Since only part of the records is wanted, repeat exactly the lines from the one containing "this 866×1390 image." through the last line, both included.

■ **Exercise data**
══════════════════════════════

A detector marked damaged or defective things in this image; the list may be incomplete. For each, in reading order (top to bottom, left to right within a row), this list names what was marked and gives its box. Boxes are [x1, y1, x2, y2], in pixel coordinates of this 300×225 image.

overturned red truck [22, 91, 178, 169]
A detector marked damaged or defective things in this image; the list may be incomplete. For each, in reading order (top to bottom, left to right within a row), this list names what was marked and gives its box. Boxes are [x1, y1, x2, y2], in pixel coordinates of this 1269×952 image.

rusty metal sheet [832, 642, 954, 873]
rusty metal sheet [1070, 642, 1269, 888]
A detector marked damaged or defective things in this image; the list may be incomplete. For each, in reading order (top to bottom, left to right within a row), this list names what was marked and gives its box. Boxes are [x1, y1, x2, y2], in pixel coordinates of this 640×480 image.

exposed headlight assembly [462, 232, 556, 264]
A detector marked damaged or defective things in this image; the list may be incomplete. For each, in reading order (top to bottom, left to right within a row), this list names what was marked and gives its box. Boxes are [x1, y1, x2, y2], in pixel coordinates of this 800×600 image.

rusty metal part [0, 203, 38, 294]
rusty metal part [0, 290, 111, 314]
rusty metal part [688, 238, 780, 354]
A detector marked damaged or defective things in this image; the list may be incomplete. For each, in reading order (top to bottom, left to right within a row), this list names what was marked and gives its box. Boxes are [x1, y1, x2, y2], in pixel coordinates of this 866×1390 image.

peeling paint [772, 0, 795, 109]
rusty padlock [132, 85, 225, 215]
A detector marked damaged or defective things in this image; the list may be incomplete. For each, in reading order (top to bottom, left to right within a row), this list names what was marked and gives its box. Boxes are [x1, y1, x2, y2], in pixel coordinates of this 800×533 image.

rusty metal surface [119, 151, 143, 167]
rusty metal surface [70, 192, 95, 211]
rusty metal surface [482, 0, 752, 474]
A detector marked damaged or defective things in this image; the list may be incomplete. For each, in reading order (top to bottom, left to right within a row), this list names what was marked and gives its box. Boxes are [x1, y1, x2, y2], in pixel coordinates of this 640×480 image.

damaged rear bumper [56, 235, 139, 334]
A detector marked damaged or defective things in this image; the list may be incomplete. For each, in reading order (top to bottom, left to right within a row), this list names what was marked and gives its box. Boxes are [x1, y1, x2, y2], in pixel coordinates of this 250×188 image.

══════════════════════════════

■ **Answer section**
A detector marked damaged or defective things in this image; the list may be incomplete. For each, in reading order (top to bottom, left to right within a row), this list names what was marked and gives its box. Boxes are [x1, y1, x2, y2], in pixel coordinates of this 866×1390 image.

peeling paint [772, 0, 795, 109]
rusty padlock [132, 85, 225, 215]
A detector marked damaged or defective things in this image; the list may be incomplete. For each, in reading order (top to bottom, left to right within a row), this list names what was marked and gives its box. Boxes are [x1, y1, x2, y2], in pixel coordinates of this 800×533 image.

rusty metal surface [119, 151, 143, 167]
rusty metal surface [70, 192, 95, 211]
rusty metal surface [482, 0, 752, 474]
A detector marked damaged or defective things in this image; the list may be incomplete. For each, in reading order (top to bottom, left to right within a row), this list names what was marked and gives its box. Boxes are [x1, y1, x2, y2], in pixel coordinates of this 640×480 image.

damaged rear bumper [56, 235, 139, 334]
A detector marked damaged or defective things in this image; the list may be incomplete. For each, in reading order (top to bottom, left to right within a row), this list names what was marked and gives its box. Boxes are [x1, y1, x2, y2], in pixel coordinates of this 250×188 image.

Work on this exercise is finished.